The Better Utilization of Investment for Development Act (BUILD Act), enacted on October 5, 2018, led to the creation of the U.S. Development Finance Corporation (DFC).

This followed the consolidation and expansion of development finance functions, which until then were primarily performed by the Overseas Private Investment Corporation (OPIC) and the Development Credit Authority under the U.S. Agency for International Development (USAID).

According to the World Trade Organization (WTO), the following are some of the characteristics of the DFC.

The stated purpose of DFC is to mobilize and facilitate the participation of private sector capital and expertise in the economic development of less developed countries (with priority given to low and lower middle income economies) and countries in transition to a market economy, in order to complement development assistance objectives and promote U.S. foreign policy interests.)


In order to facilitate this market-based private sector development and inclusive economic growth in less developed countries, DFC provides credit, equity and other financial assistance to, among other things, offer countries a sound alternative to state investments made by authoritarian governments and strategic competitors of the United States, using best practices in terms of transparency, environmental and social safeguards, and taking into account the debt sustainability of partner countries.

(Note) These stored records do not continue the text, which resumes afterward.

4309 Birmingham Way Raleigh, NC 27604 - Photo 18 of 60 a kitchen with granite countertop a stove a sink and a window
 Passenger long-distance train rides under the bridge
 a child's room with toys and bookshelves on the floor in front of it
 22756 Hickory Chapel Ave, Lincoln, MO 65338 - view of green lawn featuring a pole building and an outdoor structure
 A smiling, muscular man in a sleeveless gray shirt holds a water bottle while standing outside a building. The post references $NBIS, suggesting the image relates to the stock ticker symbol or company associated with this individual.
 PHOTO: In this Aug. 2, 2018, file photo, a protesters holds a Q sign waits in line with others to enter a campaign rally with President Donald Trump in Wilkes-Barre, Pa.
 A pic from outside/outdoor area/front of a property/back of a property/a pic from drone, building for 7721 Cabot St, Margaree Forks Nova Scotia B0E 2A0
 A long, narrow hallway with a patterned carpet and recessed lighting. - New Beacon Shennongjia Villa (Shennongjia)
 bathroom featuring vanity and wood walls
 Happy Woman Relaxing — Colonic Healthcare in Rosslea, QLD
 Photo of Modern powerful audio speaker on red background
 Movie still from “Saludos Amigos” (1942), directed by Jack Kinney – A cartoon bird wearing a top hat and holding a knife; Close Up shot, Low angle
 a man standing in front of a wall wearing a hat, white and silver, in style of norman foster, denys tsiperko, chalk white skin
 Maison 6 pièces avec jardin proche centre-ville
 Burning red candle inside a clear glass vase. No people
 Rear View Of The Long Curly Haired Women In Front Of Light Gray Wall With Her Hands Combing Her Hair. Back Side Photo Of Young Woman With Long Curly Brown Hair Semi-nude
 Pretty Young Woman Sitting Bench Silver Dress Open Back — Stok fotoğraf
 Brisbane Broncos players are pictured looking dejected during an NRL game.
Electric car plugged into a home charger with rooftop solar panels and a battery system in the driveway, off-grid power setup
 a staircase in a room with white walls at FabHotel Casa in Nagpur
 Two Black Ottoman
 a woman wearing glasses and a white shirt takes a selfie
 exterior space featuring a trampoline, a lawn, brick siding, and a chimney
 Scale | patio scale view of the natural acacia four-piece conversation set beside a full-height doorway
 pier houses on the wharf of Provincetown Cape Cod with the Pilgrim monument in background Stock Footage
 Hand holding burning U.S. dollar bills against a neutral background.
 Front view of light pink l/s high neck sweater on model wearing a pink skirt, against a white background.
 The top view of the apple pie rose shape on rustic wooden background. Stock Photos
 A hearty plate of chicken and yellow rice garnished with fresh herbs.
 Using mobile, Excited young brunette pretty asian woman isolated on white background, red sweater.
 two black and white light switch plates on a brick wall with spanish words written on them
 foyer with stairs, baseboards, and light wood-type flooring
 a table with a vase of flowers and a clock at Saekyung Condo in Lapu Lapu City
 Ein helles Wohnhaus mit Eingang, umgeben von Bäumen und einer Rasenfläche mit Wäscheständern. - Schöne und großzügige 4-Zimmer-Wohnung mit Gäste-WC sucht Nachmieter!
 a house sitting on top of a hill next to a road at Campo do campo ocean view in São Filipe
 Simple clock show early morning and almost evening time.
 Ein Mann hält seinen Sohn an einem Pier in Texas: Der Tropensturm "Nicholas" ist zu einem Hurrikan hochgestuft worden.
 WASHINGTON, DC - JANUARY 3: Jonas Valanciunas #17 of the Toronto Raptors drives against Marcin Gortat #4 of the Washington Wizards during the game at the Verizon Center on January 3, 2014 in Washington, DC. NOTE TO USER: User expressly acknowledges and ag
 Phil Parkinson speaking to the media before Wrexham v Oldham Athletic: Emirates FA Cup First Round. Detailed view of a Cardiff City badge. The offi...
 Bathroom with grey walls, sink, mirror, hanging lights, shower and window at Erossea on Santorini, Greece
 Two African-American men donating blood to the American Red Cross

The DFC is the successor agency to OPIC by statutory provision.

Although the DFC takes over many of OPIC’s powers and policies, the new agency is characterized by a higher exposure ceiling ($60 billion, up from OPIC’s $29 billion), the ability to make limited equity investments representing minority stakes and to provide technical assistance grants, and more specific oversight and risk management functions.

Currently, under the BUILD Act, the DFC is authorized to approve new project commitments under its programs for a period of seven years.

In contrast, OPIC program operations were authorized annually through a budget appropriations act, especially towards the end of its trajectory.

Like OPIC, the DFC must be financially self-sufficient.

The DFC has its own inspector general, who is responsible for reviewing, investigating and inspecting its operations and activities.